Retrospectively if a large part of tenant houses of the Wilheminian period survived demolition it is not thanks to architects, neither historiographical works, nor increasing heritage values, but mainly because politics and construction firms were compelled to arrange themselves with the building squatters. Something similar happened again after the Reunification in the east borough of Prenzlauerberg. Around 1980, Wilheminian architecture received little academical attention. Most scholars founded it absolute “rubbish”. Thanks to few theorists, such as Julius Posener, and the generous support of foundations, like Fritz Thyssen’s one, researches on that period of architecture and urbanism began in the late 1970s. In his famous book, Auf dem Weg zu einer neuen Architektur (1979) (“Towards a New Architecture”), Posener identified the beginning of the century as the advent of Modern Architecture, as evidenced by some buildings for the bourgeoisie built by architects like Alfred Messel, Paul Mebes or Albert Gessner. The first to recognize the qualities of the ordinary block worthy of preservation was Posener’s successor at the Hochshule der Künst, Jonas Geist assisted by Klaus Kürvers. Their trilogy, Das Berliner Mietshaus (1980, 1984, 1989) introduced a depth-in revision of the Berliner MietskaserneStadt, promoting a gigantic step towards its rehabilitation. Geist and Kürvers analyzed these urban fabrics on the city scale and the different type of individual block with courtyards. They also refer to the micro-history of their inhabitants – documenting the social and economics evolution they underwent since they settled in.

Projection by law

In 1995 the Klausener Platz underwent an “Ensemble Protection Law” allowing no new buildings to undermine the qualities of the urban fabric.
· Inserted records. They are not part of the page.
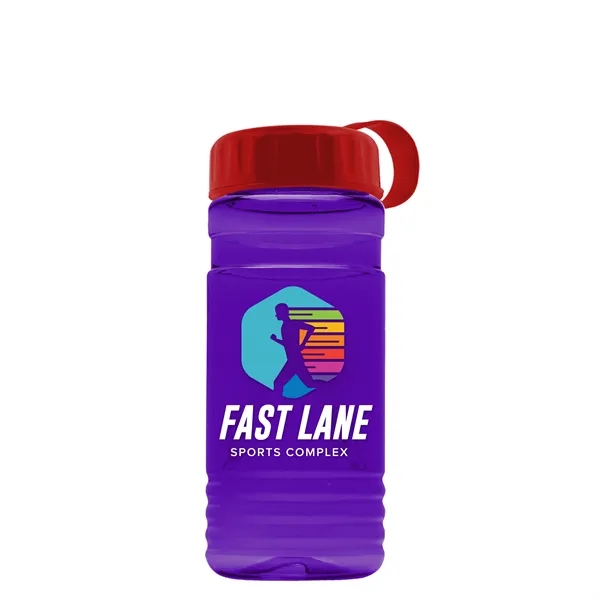 Big Grip 20 oz. Transparent Bottle - Tethered Lid... from ASI 40480 Koozie Group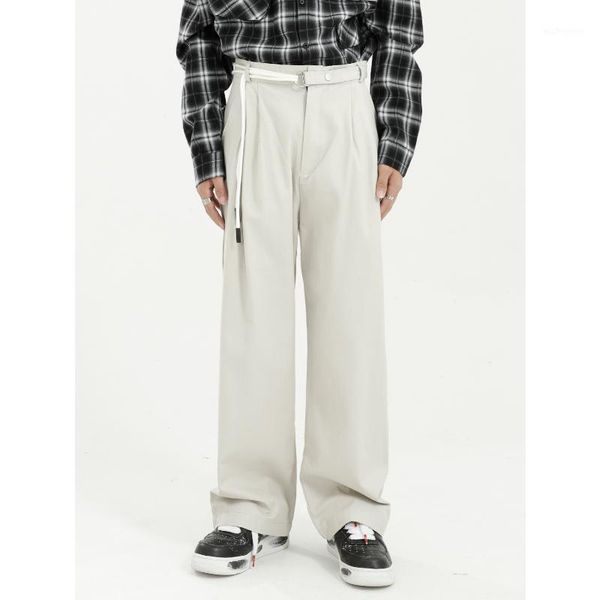 men's pants male belt japan korea streetwear vintage fashion hip hop long trousers men loose casual straight suit pants1, Black
men's pants male belt japan korea streetwear vintage fashion hip hop long trousers men loose casual straight suit pants1, Black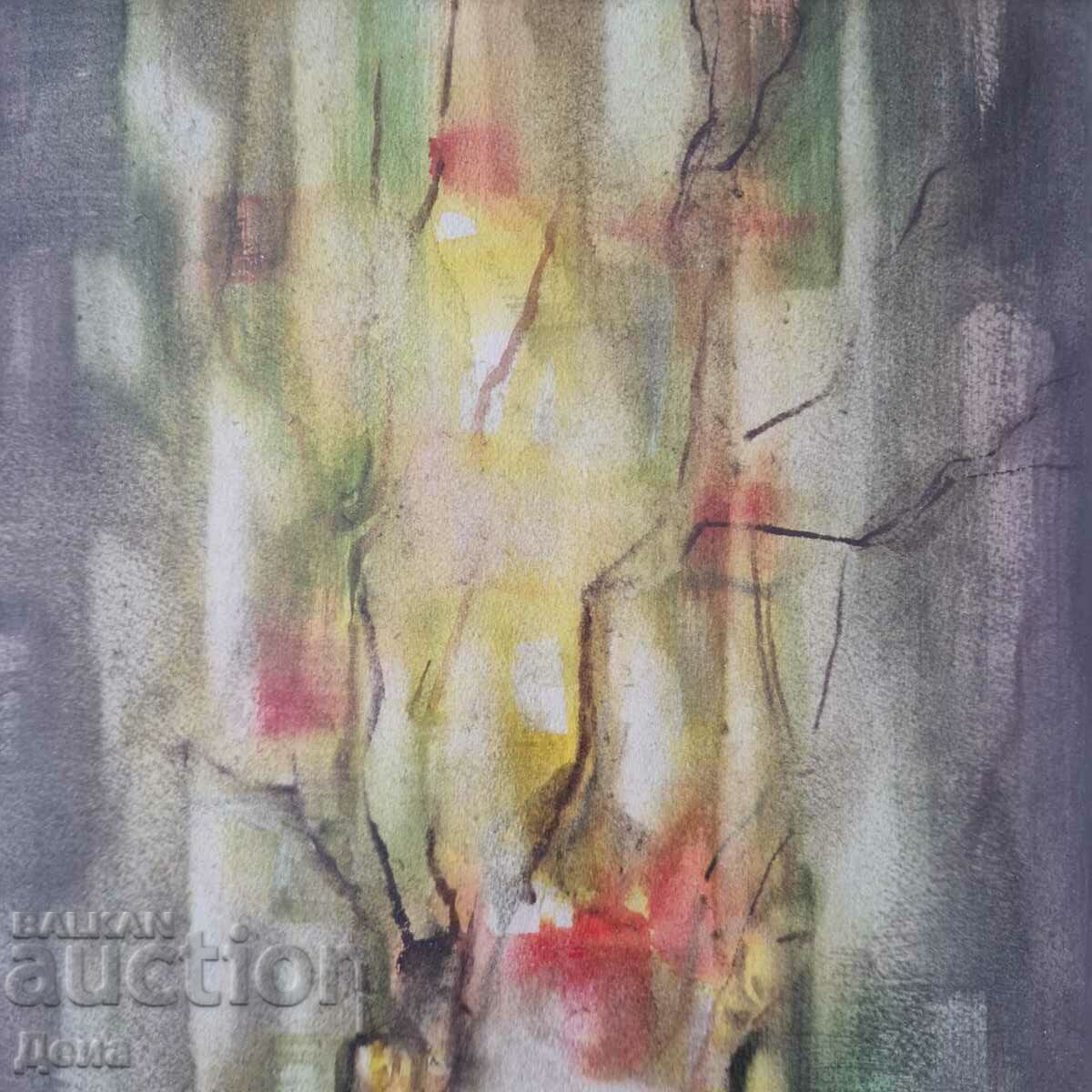 Grigoris Pimpas watercolor 1986 with price 162.00 BGN | € 82.83 Grigoris Pimpas watercolor 1986 with price 162.00 BGN | € 82.83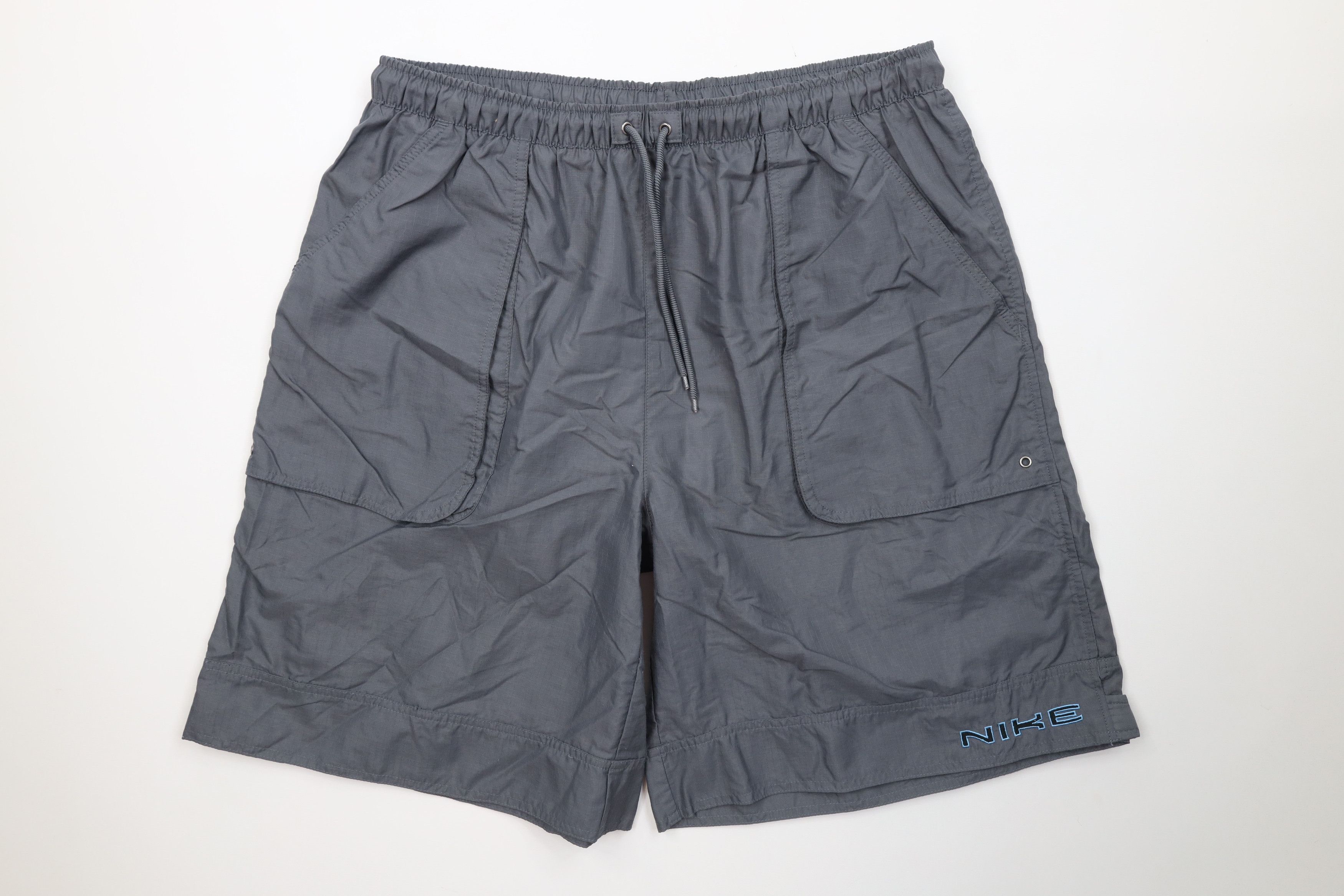 Nike Vintage Nike Travis Scott Mini Swoosh Lined Ripstop Shorts Size US 36 / EU 52 - 1 Thumbnail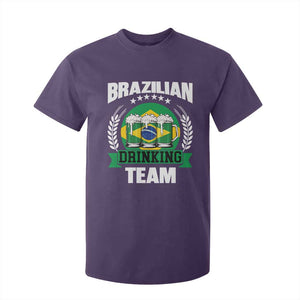Brazil Drinking Team T Shirt For Kid Funny Brazilian Flag Beer Party Gift TS14 Purple Print Your Wear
Another law, called “Milieu Protection Law”, dating also from 1995, intended to protect the social mixture in the quarter avoiding tremendous changes of functions. The message sent in the 1970s by the residents in resistance has finally reached the level of the law but twenty years later. Since 1995, the Heritage Department of the Berlin Administration has been protecting a large part of the substance of the city of Hobrecht, both individual buildings and urban complexes, thus ensuring that the law complies with what historians and architects such as Hämer, Posener, Geist and Kürvers, coming from outside the mainstream researc,  had demanded.

Conclusion

Today, the Wilheminian fabric is cherished by the real estate market and undergoes a gentrification which was not goal of the social protest of the 1970s.

In retrospect, at every crucial moments of the Berlin metropolitan development a bunch of actors was involved as it came up to urban discourse. There were of course politics, architects, historians but, in the specific context towards gentle urban renewal of the mid 1970s, simple citizens, tenants, squatters emerged as well as main actors.